A copy of the Arrangement Agreement will be filed and will be
accessible under ECC5's profile on SEDAR (www.sedar.com), and in
connection with the Acquisition and pursuant to the requirements of
the Exchange, ECC5 will also file on SEDAR a filing statement which
will contain details regarding the Acquisition, ECC5, Shelfie and
the Resulting Issuer.
The Acquisition is not a Non-Arm's Length Qualifying Transaction
under the policies of the Exchange and therefore is not expected to
require approval of ECC5's shareholders. Sponsorship of a
qualifying transaction of a capital pool company is required by the
Exchange unless an exemption from sponsorship requirement is
available. ECC5 intends to apply for a waiver from
sponsorship requirements. However, there is no assurance that
ECC5 will obtain this waiver.
Completion of the Acquisition is subject to a number of
conditions, including Exchange acceptance, and completion of the QT
Financing. Trading of ECC5's common shares will remain halted
pending further filings with the Exchange.
On Behalf of the Board of Directors of ECC
Ventures 5 Corp.
Doug McFaul
Director
Completion of the Acquisition is subject to a number of
conditions, including, among others, Exchange acceptance and if
applicable pursuant to TSXV Requirements, majority of the minority
shareholder approval. Where applicable, the Acquisition cannot
close until the required approvals are obtained. There can be no
assurance that the Acquisition will be completed as proposed or at
all.
Investors are cautioned that, except as disclosed in the
disclosure document to be prepared in connection with the
Acquisition, any information released or received with respect to
the Qualifying Transaction, or the Acquisition may not be accurate
or complete and should not be relied upon. Trading in the
securities of ECC5 should be considered highly speculative.
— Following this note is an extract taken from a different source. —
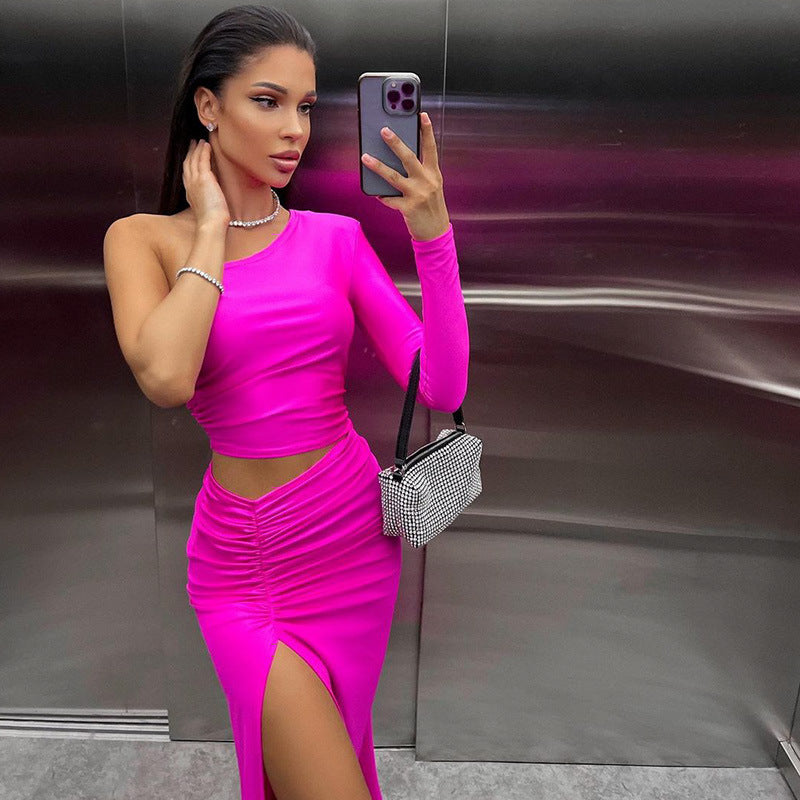 Women Sexy Oblique Shoulder Single Sleeve Pleated Cropped Outfit Split Mid Length Women Dress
The TSXV has in no way passed upon the merits of the proposed
Acquisition and has neither approved nor disapproved the contents
of this news release.
Neither TSX Venture Exchange nor its Regulation Services
Provider (as that term is defined in the policies of the TSX
Venture Exchange) accepts responsibility for the adequacy or
accuracy of this release.
Forward-Looking Statements
Statements included in this announcement, including
statements concerning our and Shelfie's plans, intentions, and
expectations, which are not historical in nature are intended to
be, and are hereby identified as, "forward–looking statements".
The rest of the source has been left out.